From where I stand, on the rail at ground level at the Punt Road end, it’s difficult to work out what’s happening. The teams trade scratchy behinds. As Melbourne break from their backline, Luke Ball bolts in to tackle. He is recklessly focused on his own intent; so recklessly that he fails to notice Matty Whelan’s imminent shepherd. The Demon backman picks him off. Ball is absolutely flattened. The divided crowd roars: one of those ooh-cheers that accompany a contentious moment.


Ball is groggy. It’s a textbook case of being in the hands of the trainers, his forehead gashed, his sense of geography severely compromised. Saints fans cry injustice. The Demons fans harbour a secret joy that one of their opponent’s finest may be gone for the duration.


Melbourne get on top early. David Neitz kicks the first goal of the season. The St Kilda players are puzzled. They are trying to implement some Roosean zone. They wonder whether they’re standing in the right place, whether they’re far enough apart. They point and look at the ground and hold out their arms. But Brad Green can still find a gap. He marks and goals, and when Matthew Bate finds Russell Robertson the Dees are three goals clear. “We’re getting smashed,” a Saints fan says to his mate (who is wearing a Geoff 5 Cunningham duffel coat).


The failure of the Saints’ zone becomes a blessing. Shortly after quarter-time, someone has yelled out, “Bugger it”, and the defensive pattern is abandoned.

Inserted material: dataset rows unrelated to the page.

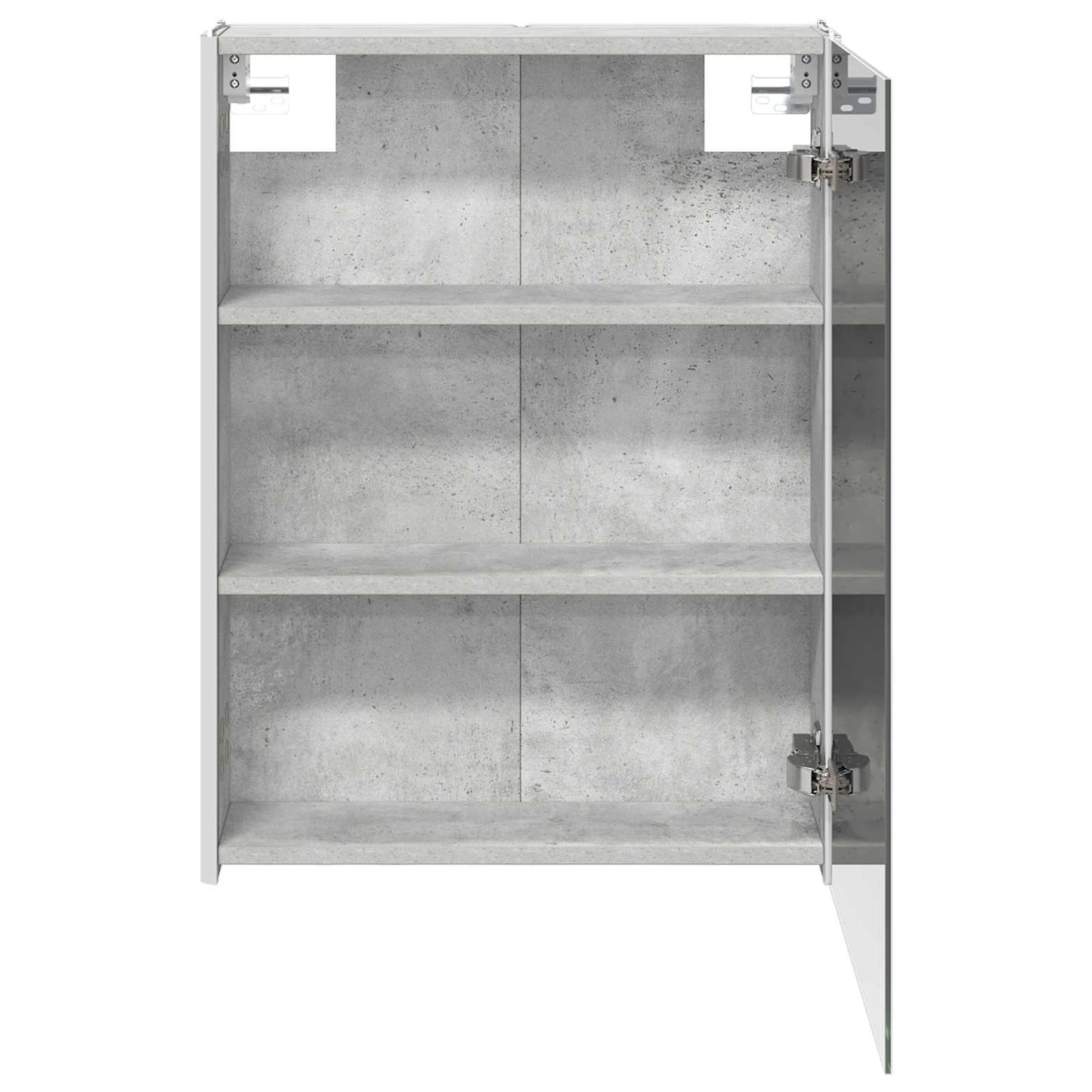 Bathroom Mirror Cabinet Concrete Grey 53.5 x 15.5 x 70 cm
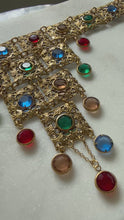 Load and play video in Gallery viewer, Vintage Goldette Caged Choker Collar Goldtone Necklace
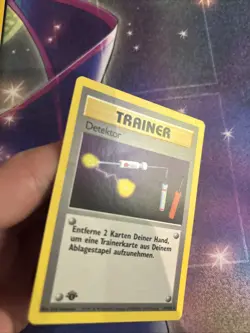 (VP) German Item Finder 74/102 Rare Base Set Pokemon Card MP (creased) - Image 5
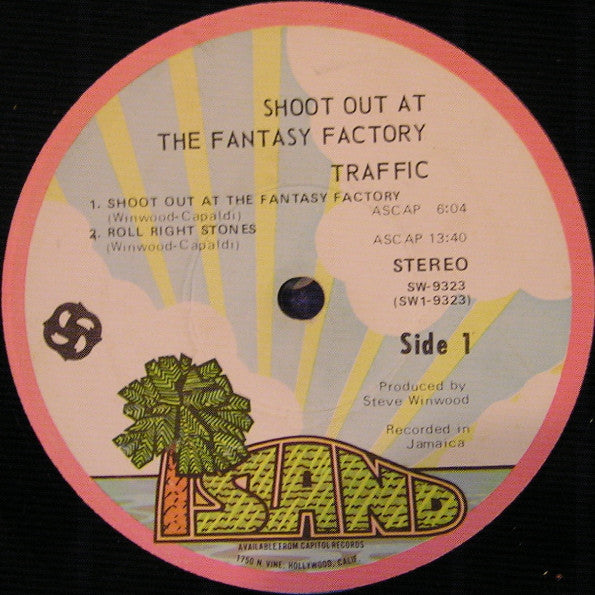 Traffic : Shoot Out At The Fantasy Factory (LP, Album, Jac)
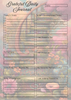 Floral Decor Themed Grateful Daily Planner Notepad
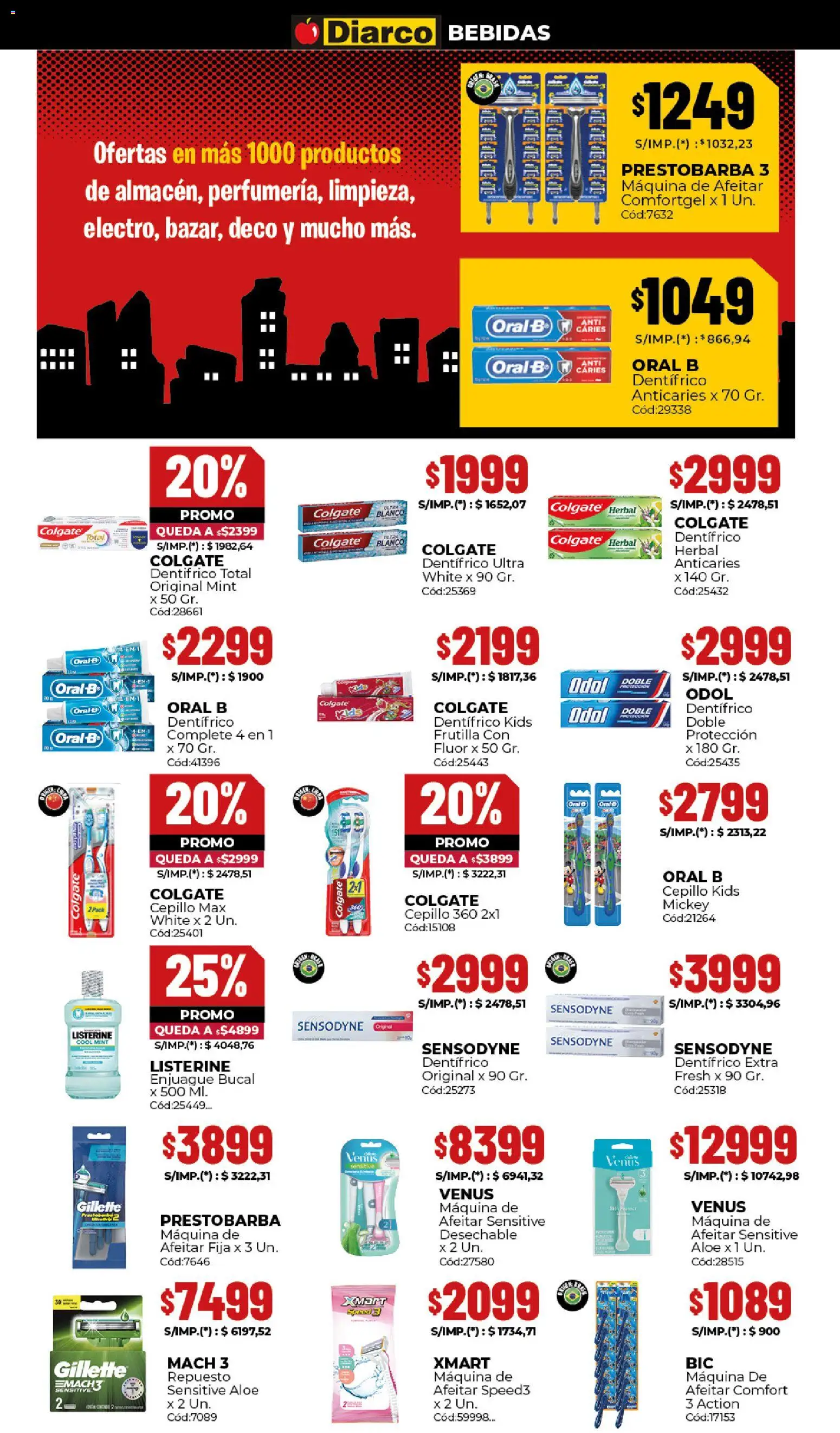 Diarco - Black Friday │ válido desde el 17.11.2025 | Página: 19 | Productos: Maquina de afeitar, Frutilla, Cepillo, Enjuague bucal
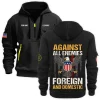 New Release Personalized Name U.S. Marine Corps Veteran Hoodie Half Zipper HBLVTR100424A01MC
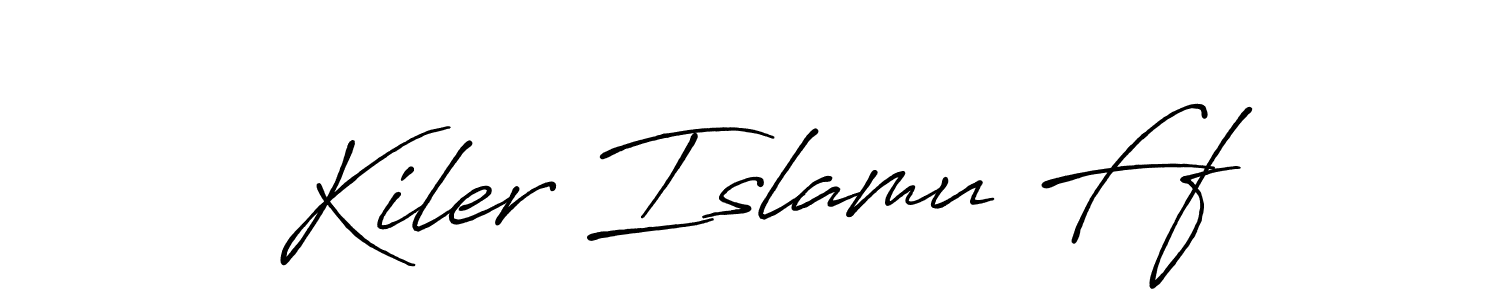 if you are searching for the best signature style for your name Kiler Islamu Ff. so please give up your signature search. here we have designed multiple signature styles  using Antro_Vectra_Bolder. Kiler Islamu Ff signature style 7 images and pictures png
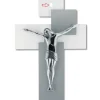 Bongelli preziosi crocifisso da parete 17x12 grigio cristo argento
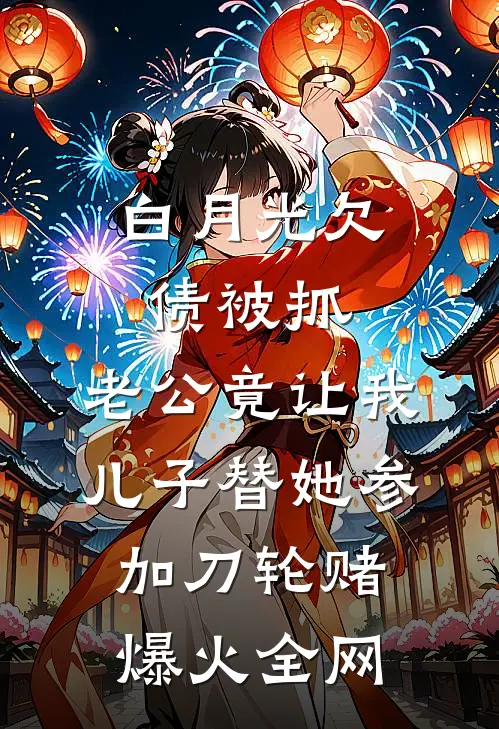 白月光欠债被抓，老公竟让我儿子替她参加刀轮赌爆火全网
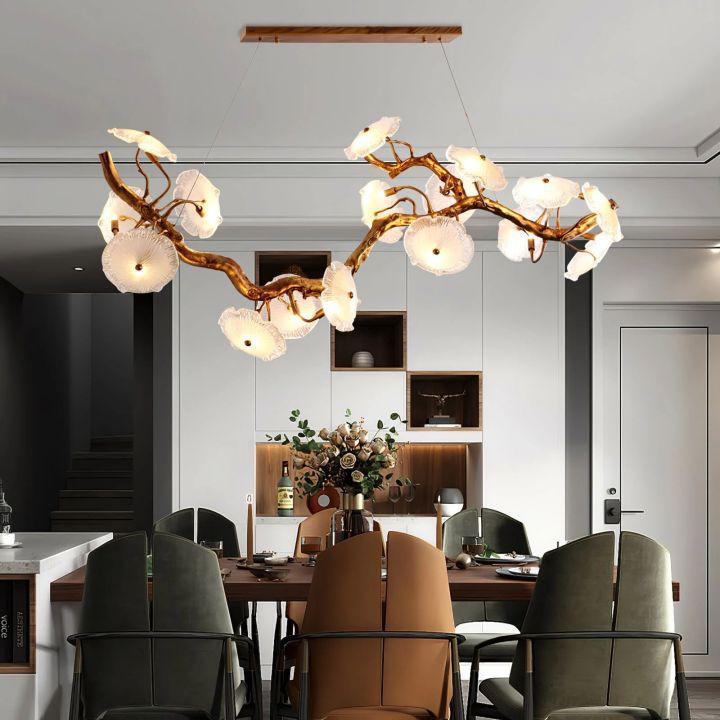 Nenufar Blooming Chandelier - L 49.2″(125cm) x W 13.8″(35cm) x H 25.6″(65cm)casivra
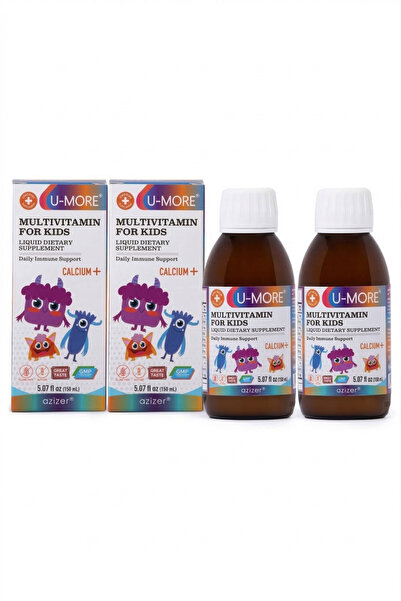 UMore 2'li Gelişim Paketi - Çocuklar İçin Multivitamin & Kalsiyum Şurubu 150 ...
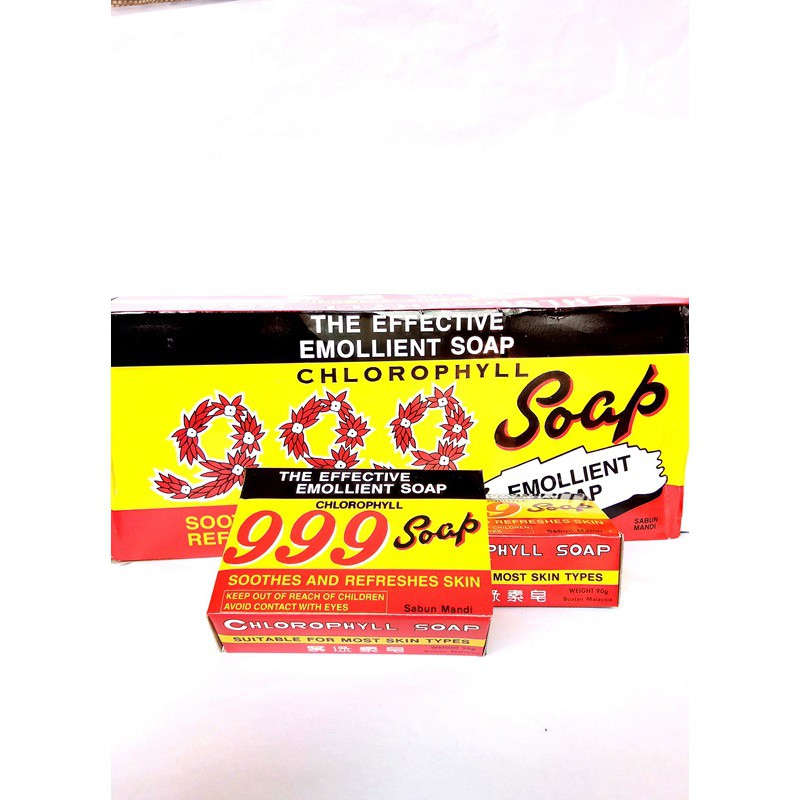 999 Chlorophyll Soap 90g X 12s Soap For Itching Shopee Singapore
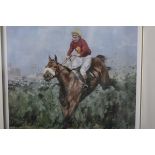 Limited Edition Signed print, from the Lester Piggott collection.
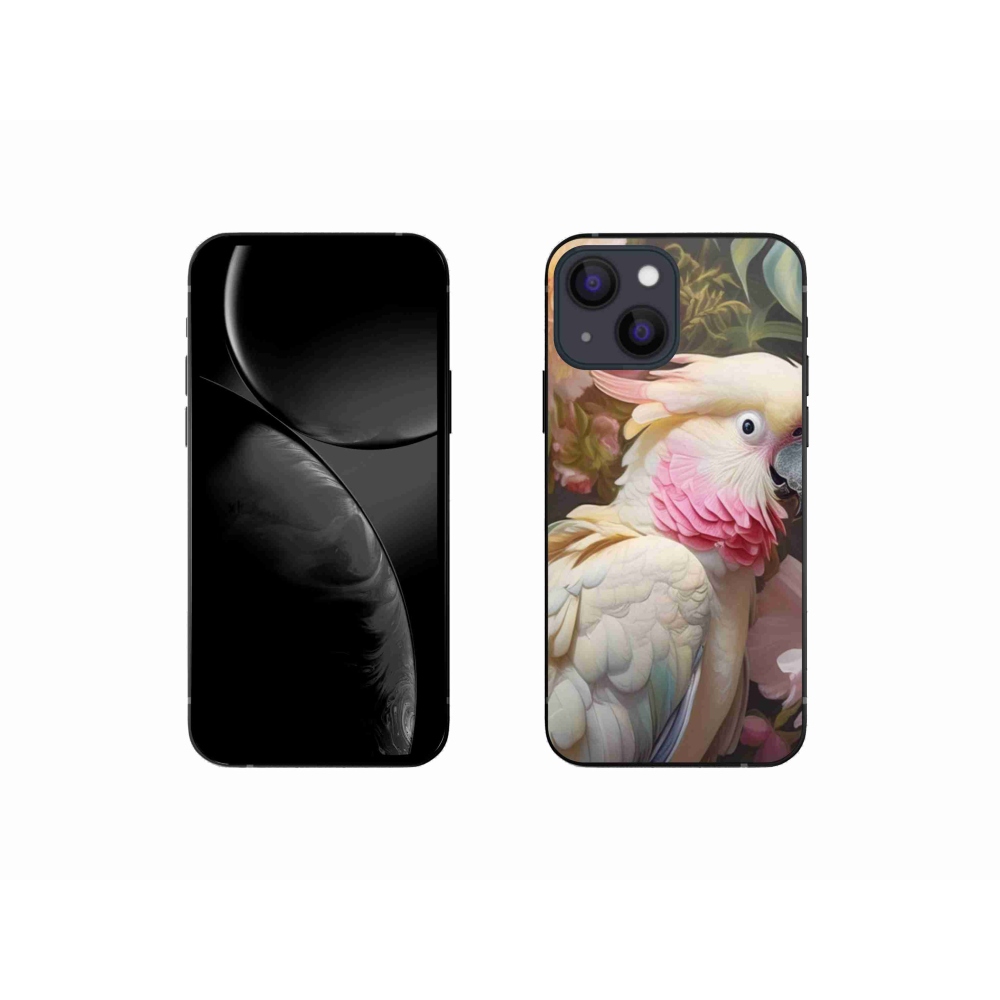 Gélový kryt mmCase na iPhone 13 Mini - papagáj kakadu ružový 2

They just play football instead. They hassle their Melbourne opponents mercilessly until the ball spills and Nick Dal Santo, Lenny Hayes, Leigh Montagna and Ball (who returns bandaged) whisk the footy away. Brendon Goddard kicks long to position. And Fraser Gehrig dominates the front half.


The game is broken open. St Kilda forge ahead, and it takes a freakish Robertson goal – a kick while lying on his back in the pocket – to keep the Dees in touch. At half-time the Melbourne crowd is concerned.


St Kilda kick away in the third quarter. They keep attacking the footy and their opponents. The veteran recruit Doc Clarke plays an almost grandfatherly game: serviceable, sensible, reliable, and lovable. Matt Maguire, returning (at last) from a terrible broken leg, gives the backline structure, both observable and real, and imagined. He is clearly respected. At the other end, Gehrig is in control. The Saints are suddenly four goals up. When he marks again a fan screams: “The Train’s on fire”. And after another mark a textbook Austin Powers: “Yeah, baby”.


Melbourne supporters lose interest. They have expected to win, to make the top four, and to be worried about the MCC Grand Final ballot. For a while a couple of twenty-something blokes drink beer next to me. One is just back from London. He’s wearing a fawn suit and a lilac tie – and we’re in the outer. By time- on in the third quarter, he’s had enough. “This is crap,” he says of his Demons, and concentrates on telling good-old-boy stories of the South African glamour he’s met on the Bakerloo line.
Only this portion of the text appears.